Monday, October 29, 2018

Is Laughter Truly the Best Medicine?

One of the best things in life is laughter. I am talking about those nearly hysterical, stomach aching, tears-in-your eyes bouts of laughter. If you are lucky, there are people in your life who enter into the hilarity easily and often with you. My daughter is one of my main constituents. It does not take much to set us off.

My friend and coworker Bernie and I often had one another in tears at work, which made it even better because we tried mightily to not let it get to that suffocating level - we were at work in the cube farm! We always failed. Bernie and I maintained a file of newspaper articles we collected of the weirdly absurd - stories we were certain would make the other laugh out loud. Over the years, as it turned out, all of the articles involved drunk people. (What are the odds?) Bernie was a quiet and good-natured man but his laughter was so infectious that once he started genuinely laughing, I was lost. Bernie passed away far too early in life. I miss my good friend. I wish he were here right now so we could laugh ourselves into stomach aches and tears.

Another colleague/good friend, Mr. Hamm and I have lived through a fair share of these snorting, suffering, catch-your-breath episodes, most often in a car... traveling 75 miles an hour. If we had crashed, we would have died laughing, literally!

The first time I remember laughing "hysterically", I was very young. We were at an amusement park in Wichita, Kansas known as Kiddie Land. My mother and father dotingly put me in a tiny train car that traveled on a miniature track in a series of circles. For some reason I found the entire experience so much fun that I began laughing and could not stop. I remember feeling a tinge of embarrassment. Perhaps it was a portent of things to come because, believe me, since then there have been dozens of times I needed to stop laughing but simply could not. Not to save my soul.
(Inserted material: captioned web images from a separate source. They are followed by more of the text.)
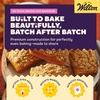 image:imageWilton Gold NonStick Mini Loaf Pan Made Without PFAS 8CavityMini Loaf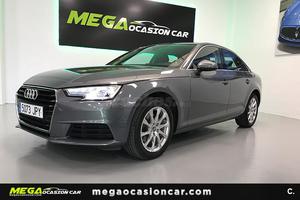 AUDI A4 2.0 TDI 110kW150CV Advanced edition 4p.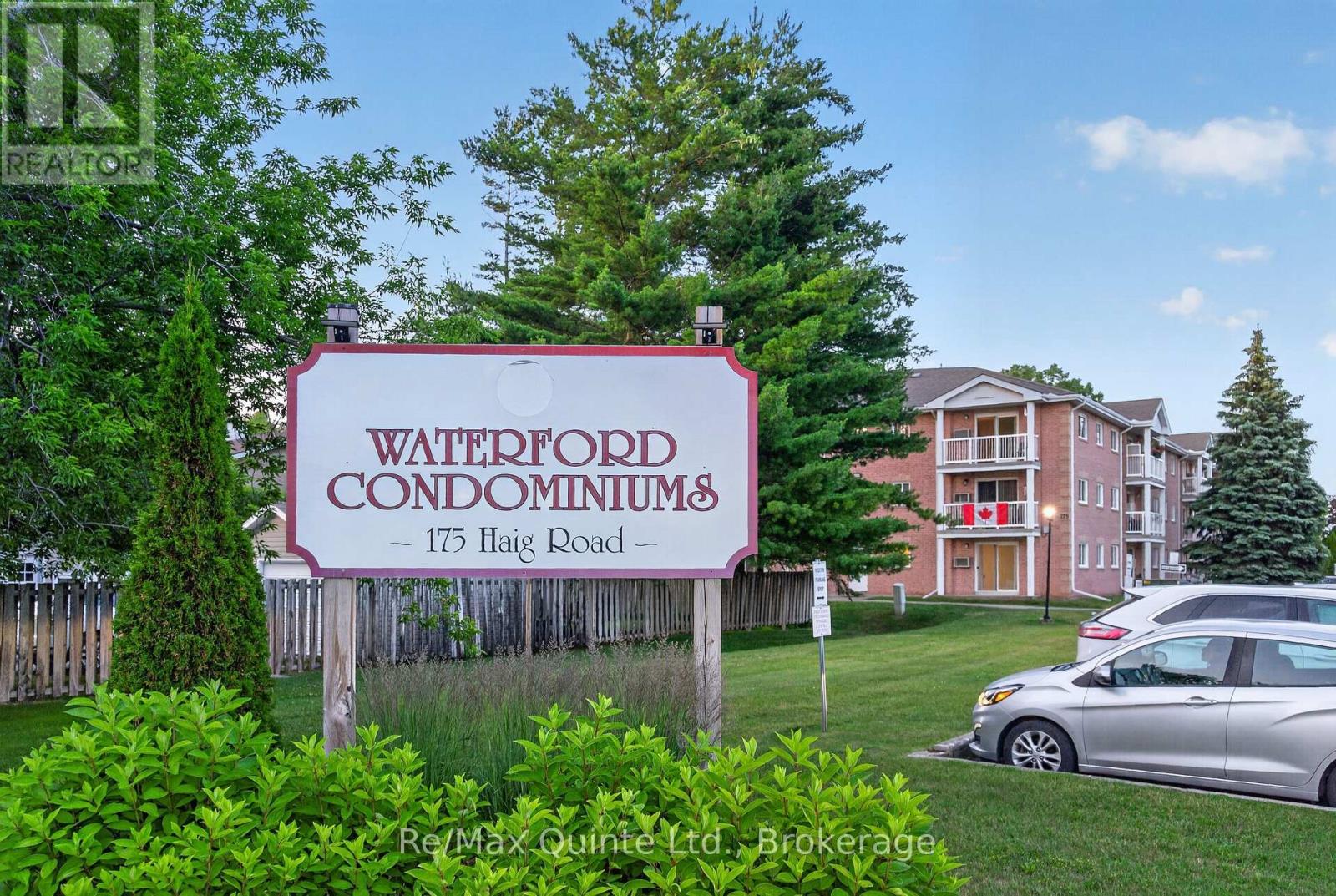 106 - 175 HAIG ROAD Property Photo 1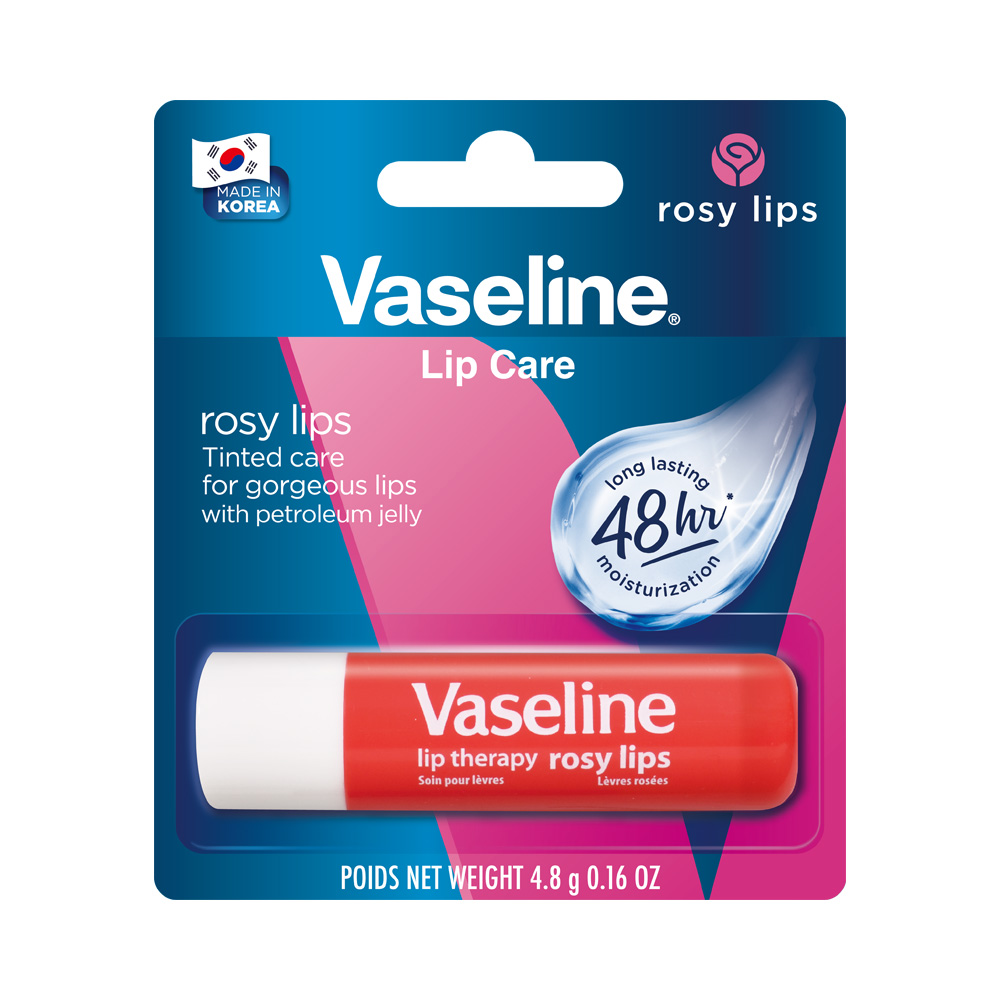 凡士林護唇膏4.8g -兩款任選(包裝隨機出貨)
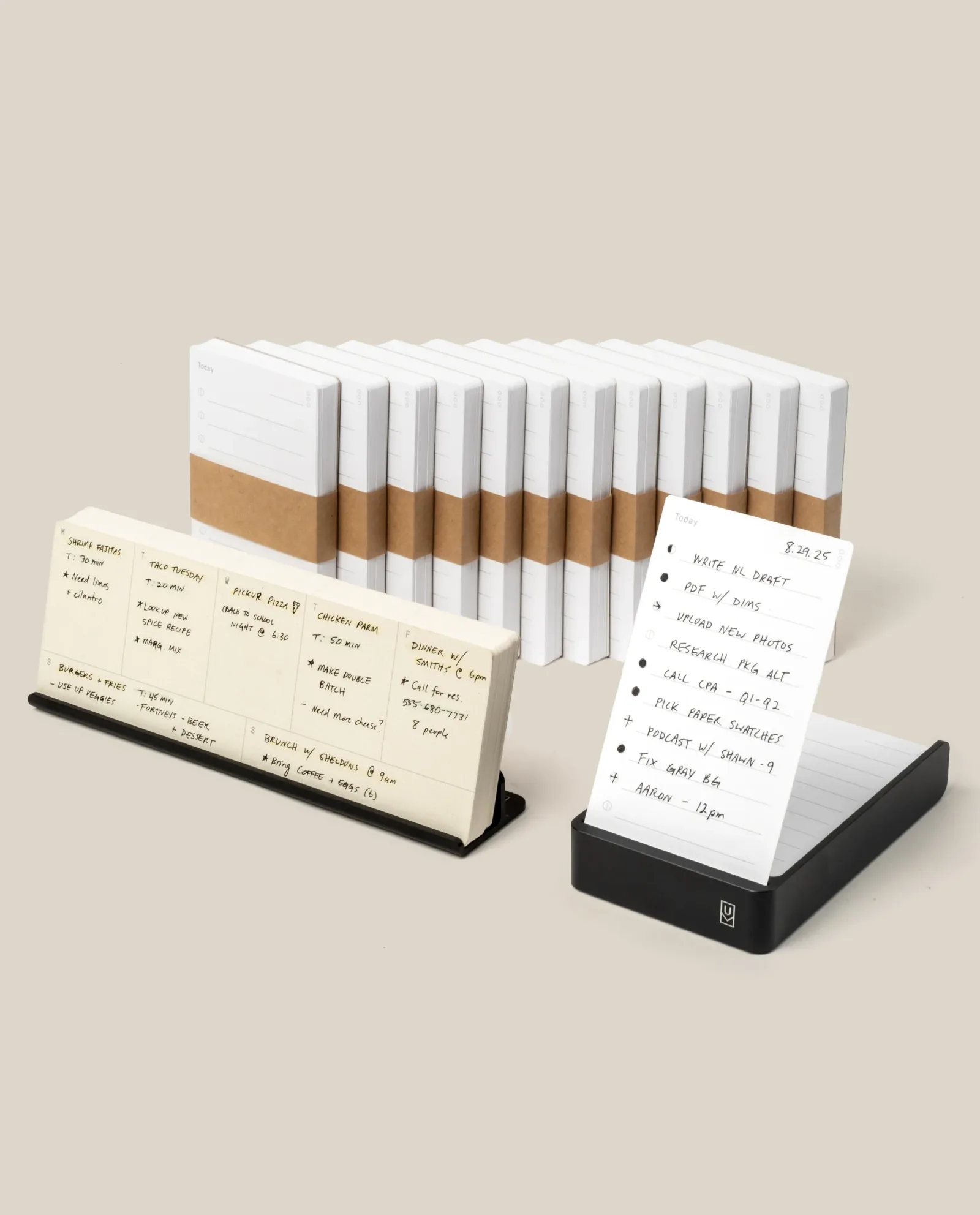 Analog Annual Kit (Black Aluminum)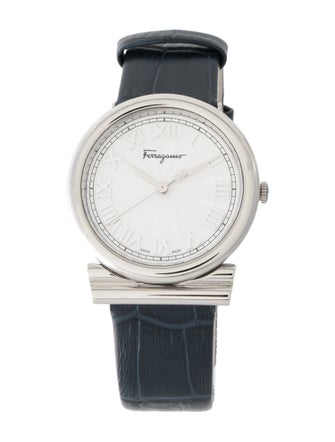 Salvatore Ferragamo Gancino Watch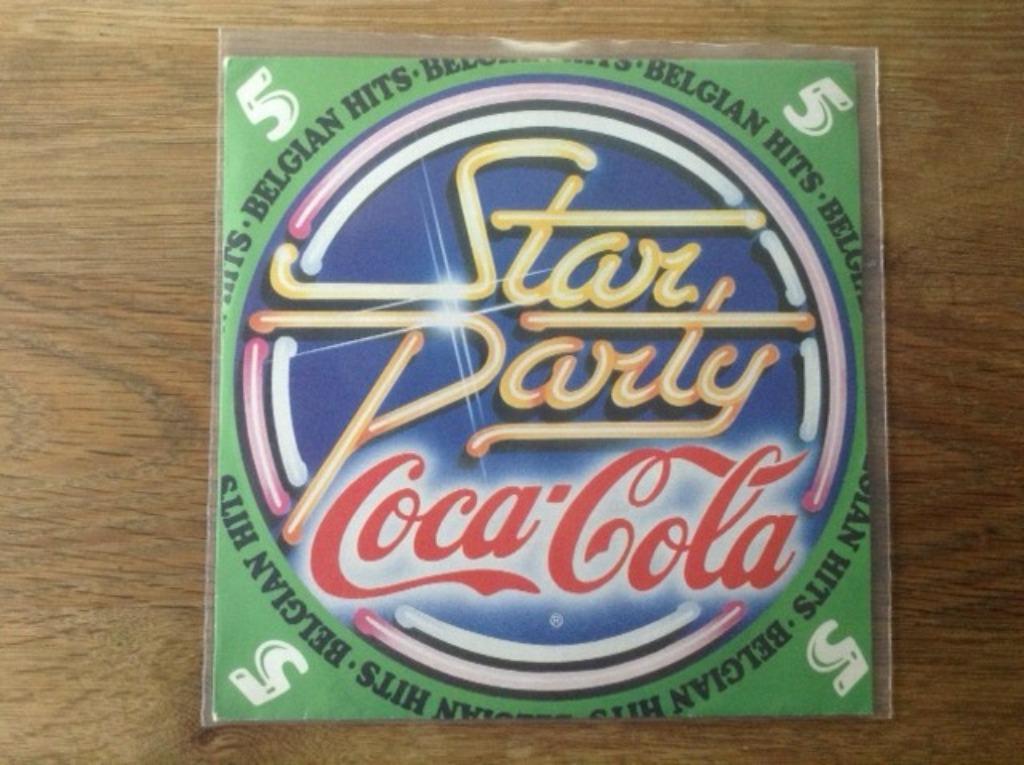 single star party vol 5 - belgian hits, CD & DVD, Vinyles Singles, Single, Pop, 7 pouces, Enlèvement ou Envoi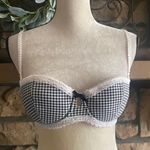 H&M -GINGHAM BRA Photo 0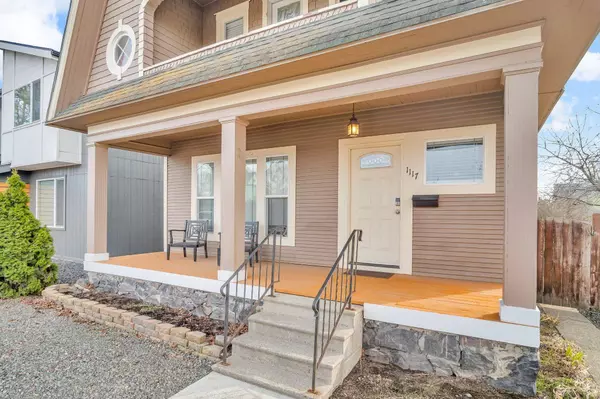 1117 W Sinto Ave, Spokane, WA 99201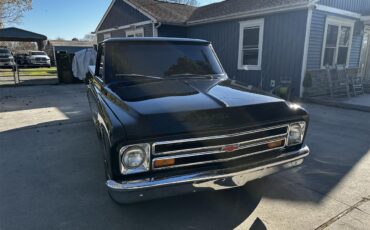 Chevrolet-C10-1968-Black-Black-and-Red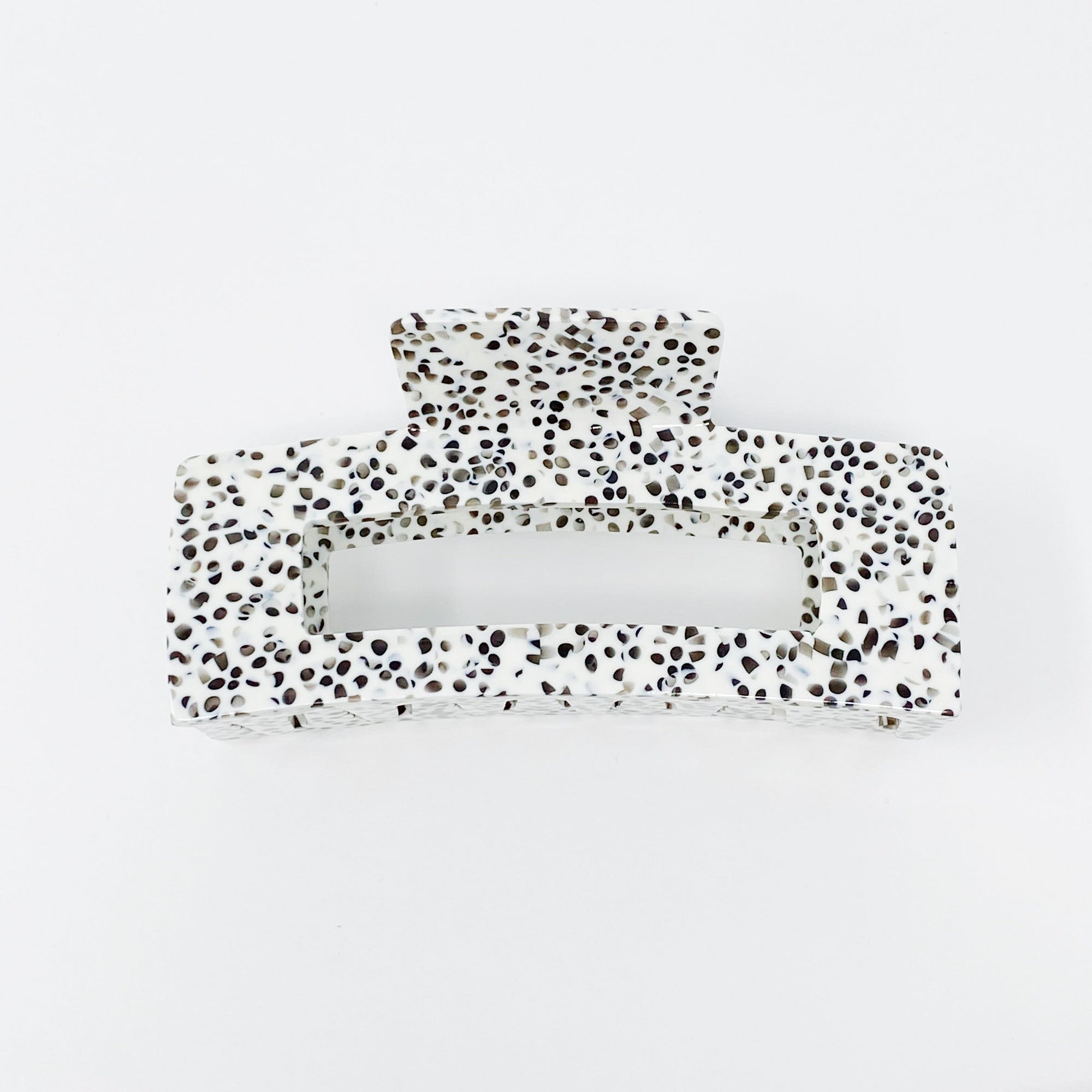 Spotted Elegance Full Hair Claw-6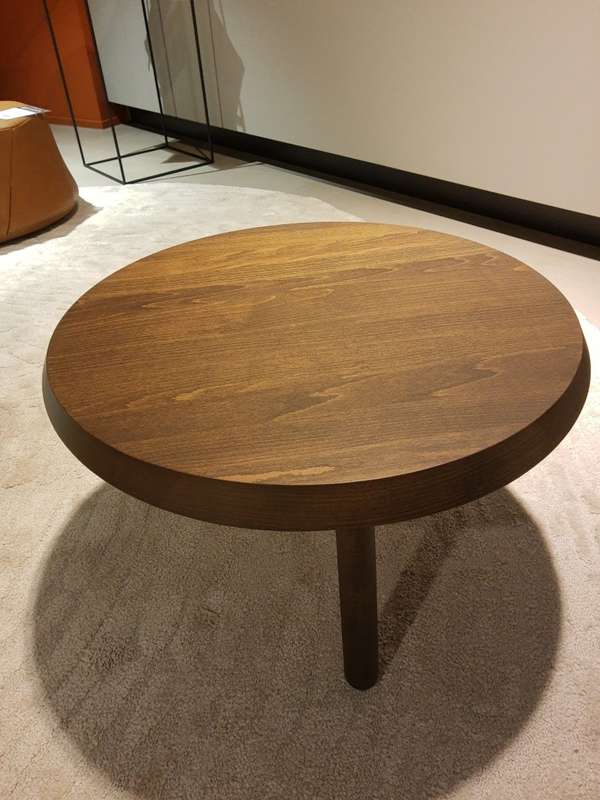 IJcoon Kelp M70 Wood salontafel - Materiaal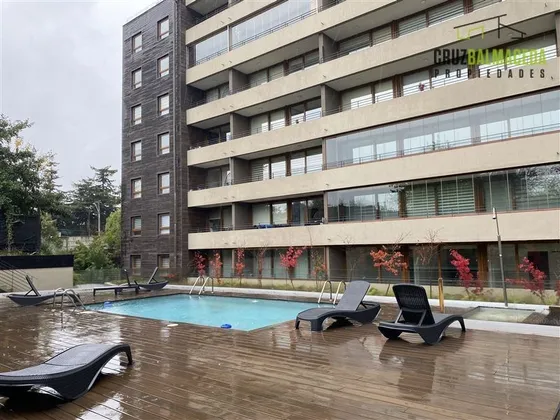 Departamento En Venta De 2 Dorm. En Puerto Varas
I still remember the President of our company division and his secretary carrying on two conversations at once that took a turn. This happened decades ago, before HR was much of a factor in the corporate world because the secretary had a new Playgirl magazine at her desk for some reason. She had just mentioned to him there was birthday cake in the break room, and almost simultaneously he had asked about the magazine. She pushed the closed magazine toward him as he asks "Anyone we know?" She retrieves the magazine to begin flipping the pages, solemnly saying "Gee, I don't know. Let me look." He says, "I mean is the birthday cake for anyone we know?" Those two began laughing and could not stop for at least 10 minutes. This could never happen in modern corporate times!

There was a time when I exercised every molecule of will power not to laugh, even biting my tongue. I was in the backseat of the work van, a coworker was driving, and our supervisor was riding shot gun. We had closed the hotel bar down the night before which may or may not have contributed to this fantastic chain of events. After a hearty breakfast we were driving toward the job site in what was essentially an old beater of a van (nothing too good for the survey crew!). We were bumping along over cobble stones, or old red bricks to be more precise. Riding in the van was like riding in a paint shaker anyway, then to add a lumpy, potholed road to the mix and we were vigorously bouncing in our seats. The supervisor was speaking when suddenly, without warning, he vomited all over the dash. I wanted to laugh. I wanted to laugh so desperately! But I was new in that job and it was the boss who just lost his breakfast. I was biting my tongue and hugging myself so I would not laugh.

The driver looks over, his shoulders rolling with laughter already. "I would have pulled over."

The supervisor, poor guy, feebly offers, "I thought that was just a burp."

That was it for me. No power in the universe could have prevented me from laughing at that point.

So many times the story simply does not translate to either the written or spoken word. You simply had to have been there, and I am thankful for every time I was there.